Transfer Learning To Detect Natural, Monoculture, and Agroforestry Tree-Based Systems in Ghana Using Remote Sensing
This paper discusses a transfer learning approach to distinguish natural forests from agricultural tree systems in Ghana. By repurposing spatial embeddings from an existing convolutional neural network, the study improves tree system classification accuracy to support ecosystem service assessment, deforestation monitoring, and national restoration reporting.
Differentiating between natural and agricultural trees using remote sensing is essential for assessing ecosystem services, commodity-driven deforestation, and restoration progress. Many existing approaches focus on identifying individual tree commodities, rather than classifying tree systems in a way that is agnostic to species and management practices. This research presents a transfer learning approach for classifying tree-based systems, leveraging spatial embeddings extracted from a pre-trained neural network to improve performance in label-scarce environments.

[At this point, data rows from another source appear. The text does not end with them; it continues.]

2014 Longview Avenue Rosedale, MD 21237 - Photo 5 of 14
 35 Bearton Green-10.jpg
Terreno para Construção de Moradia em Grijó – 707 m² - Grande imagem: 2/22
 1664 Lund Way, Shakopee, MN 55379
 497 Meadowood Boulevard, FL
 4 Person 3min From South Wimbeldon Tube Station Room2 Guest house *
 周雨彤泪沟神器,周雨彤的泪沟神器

We apply a CatBoost classifier to a combination of Sentinel imagery, gray-level co-occurrence matrix (GLCM) texture features, and learned spatial embeddings to classify four land use classes: natural, agroforestry, monoculture, and other (background). Through comparative modeling and feature selection, we demonstrate consistent performance gains from incorporating both transfer-learned features and texture information. The approach evaluates whether spatial representations learned for tree detection can be repurposed to distinguish broader tree-based land use systems.
The method is demonstrated across 26 priority districts in Ghana, resulting in a 10-meter resolution land use map for 2020. The findings indicate that learned spatial embeddings retain meaningful information about land use structure beyond their original task, offering a scalable path forward for broader monitoring efforts.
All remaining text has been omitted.